In the pre-Internet days of multimedia publishing, pioneer digital storytelling enthusiasts showed people how to digitize the old photos in their family albums, interview their relatives and digitize the interviews, then arrange the audiovisual elements into a narrative, often with voiceover narration. While this technique can be applied to personal genealogy and history of pure entertainment, digital storytelling, when used to construct a narrative presentation of true historical events, personages, and geographical locations, is one way of introducing students to participatory media, to the communication basics of compelling narrative production, and to local civic affairs. Journalism doesn't have to be global. Hyperlocal journalism that delves more deeply into local events than mass media does can also serve as a springboard for civic engagement.
I had been reading these MacArthur Foundation Series on Digital Media and Learning books online and enjoying them quite a bit before realizing just how badly I wanted to actually hold one of them while I read it. Not just because I can establish a more meaningful, in-depth dialogue with a text when its medium is a book with tangible weight and scent, but because I wanted something to covet as an object, to hold this nifty little collection of essays exploring so much of what had been kicking up all this dust in my own head the last few years.
Howard Reingold's essay, "Using Participatory Media and Public Voice to Encourage Civic Engagement," from which the above quote comes from, deftly explores some of the issues concerning youth, civic engagement and digital journalism/storytelling that I've been haphazardly exploring over the last few years. Namely I've been kicking around how we take these elements and make them part of our library programming. What would such programming look like? A series of workshops? What are our goals? Do we explore this first with a round-table of local teens? What do we discuss and are they even interested in the first place? I'm pretty confident they are. In fact, the hyperlocal journalism Reingold mentions is already happening in after school and community-based programs lucky to have, more often then not, foundational support.

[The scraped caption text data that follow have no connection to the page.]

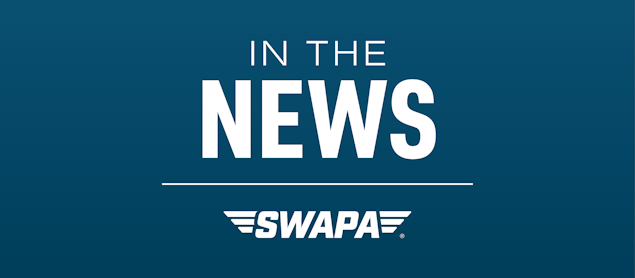 SWAPA in the News: Southwest Airlines Adds Cockpit Alerts to Boost Runway Safety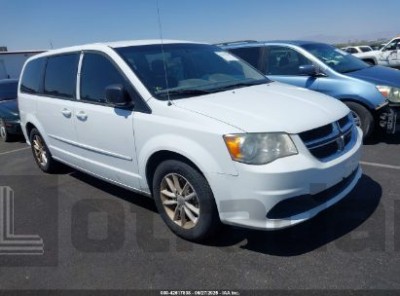 DODGE GRAND CARAVAN 2014 2C4RDGBG5ER389729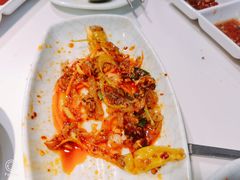 -猪啊牛呀羊啊铜盘烤肉(正大广场店)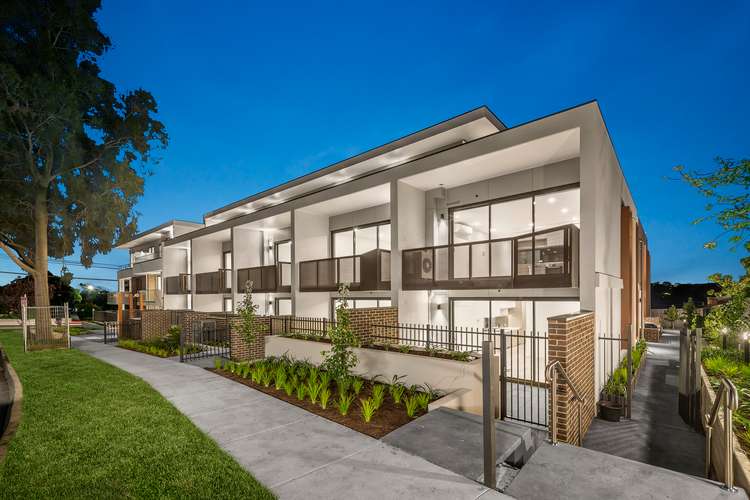 Second view of Homely apartment listing, 105/1-5 Neil Court, Blackburn South VIC 3130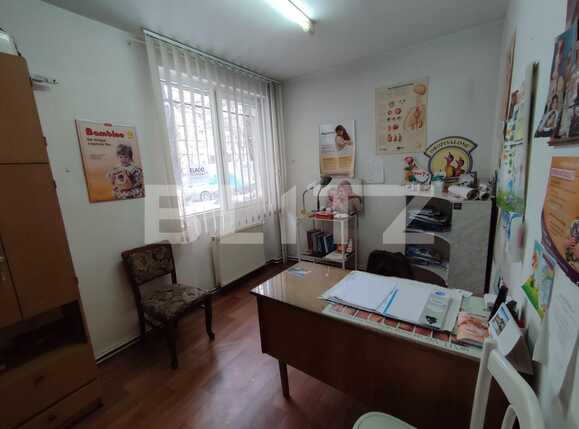 Apartament de vanzare 5 camere semidecomandat circular cabinet medical Targu Mures BLITZ 79543AV | Poza3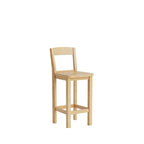 Charlton Bar Solid Seat Barchair - 650H - Paulas Home & Living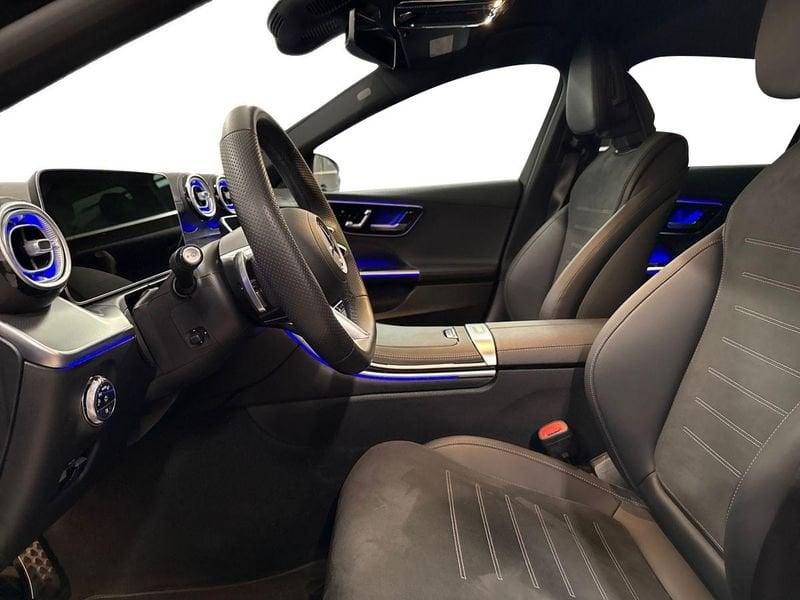 Mercedes-Benz Classe C C 220 d mhev AMG Line Advanced Plus 200cv auto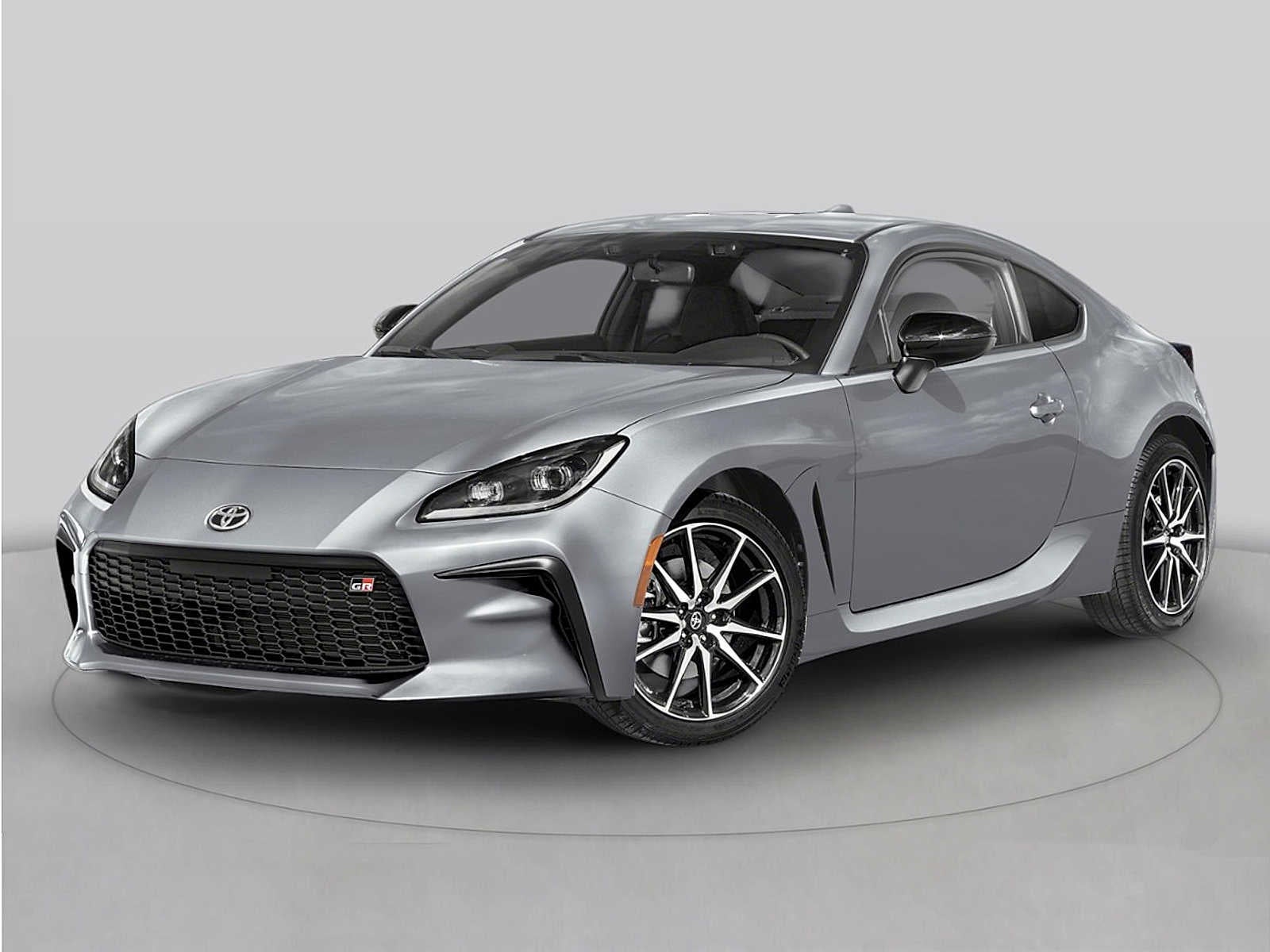 2024 Toyota GR86 Manual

Public Libraries aren't looking to stir the pot of community controversy (their very existence is often controversy enough), but I do think they have a vital role to play in offering their patrons with the tools necessary to tell their stories (even controversial ones) and, ideally, engage their communities. Because after all, once the story has been crafted, it needs to find its audience. Which is why I've also been kicking around so much dust thinking about DIY marketing and distribution models.